From your topic, you'll want to extract a podcast roadmap, aligning it with your exit strategy, which we covered last week.
Once you have your topic, specify a goal. Generally speaking, a podcast will have one of three goals:
Learn: gain knowledge on a subject matter.
Teach: share your expertise on a subject matter.
Entertain: tell a great story (fiction) or connect with like-minded people who share your enthusiasm for a subject (eg cooking, writing, favorite show or movie).
Your podcast may have other goals or mix and match several but try to identify a main one.
Once you identify your goal, write out a result. Your result is what you want to accomplish, achieve, or create by the show's finale. It's a destination that coincides with the last episode.
I want to become an expert or practitioner in the subject I've learned.
I want to teach others my skills so they can become experts.
Related: I want to launch a course, book or expand my business based on my sharing my knowledge.
I want to entertain and capture a loyal audience.
Related: I want to test out a story idea or build my storytelling muscles.
The ideation stage is how you get from goal to result. It's the roadmap of your podcast, which outlines your podcast arc from beginning to end. I recommend using a "wagon wheel" model with your topic inside a middle "hub;" branching out to three quadrants: beginning, middle, end (BME). Within each quadrant create bubbles containing episodes or clusters of episodes, each with a specific milestone to achieve or question to answer. Below are some examples to illustrate.

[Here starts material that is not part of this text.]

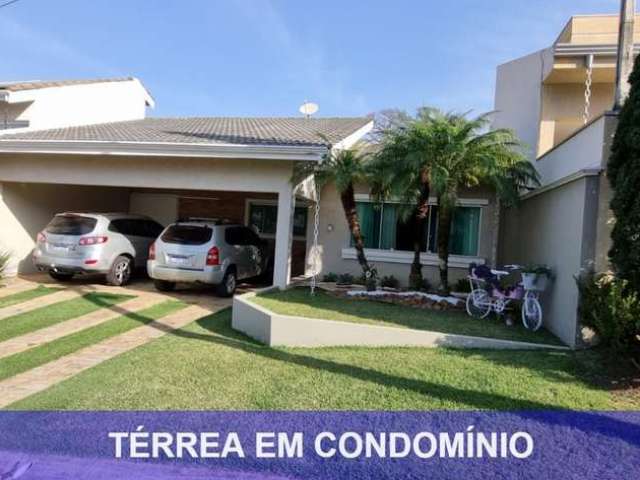 Casa térrea 3 quartos condomínio na cidade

Exit: 30 episodes (3 seasons, 10 episodes per season).
Goal: learn about beekeeping.
Result: By the end of the show I want to be knowledgeable about beekeeping and/or become a beekeeper.
Ideation: 27 episodes.
Exit: 25 episodes (5 seasons, 5 episodes per season)
Topic: Sci-fi story.
Goal: Create an audioplay (entertain)
Result: Write a book or screenplay based on the episodes.
Ideation: 16 episodes.
Match your exit to your ideation plan
Once you've mapped out your podcast, see how it aligns with your exit. In example 1, the exit is 30 episodes and the ideation totals 27. This is a good match as the numbers are fairly close. I can adjust the exit down to 27 or if I feel there's more to talk about, I can expand the show. However, don't add filler for the sake of it. 27 episodes is a perfectly good number for a full series.
In example 2, I have a converse situation. I want to create my own radio show with five seasons, 25 episodes total. However, my ideation falls short at 16 episodes. Here, I may want to evaluate whether my exit is too broad or if my story is too thin and needs to be fleshed out more.
The point of this exercise is not to have an exact number but a general guide and roadmap for your show. This will give you the confidence and direction to stick with it to the end.
Come up with a goal and result for your podcast and write them down. Next, ideate your podcast with the three hemispheres and come up with questions, milestones or subtopics within bubbles grouped by hemisphere. If you can, guestimate how many episodes you want to devote to each bubble. It doesn't have to be perfect at this point. Finally, tally the episodes and compare with your exit. If the numbers are close, you have a solid plan. If they're way off, go back and see if your exit or your ideation needs tweaking. Again, this doesn't have to be exact but you should have a good idea of starting and end points for your show.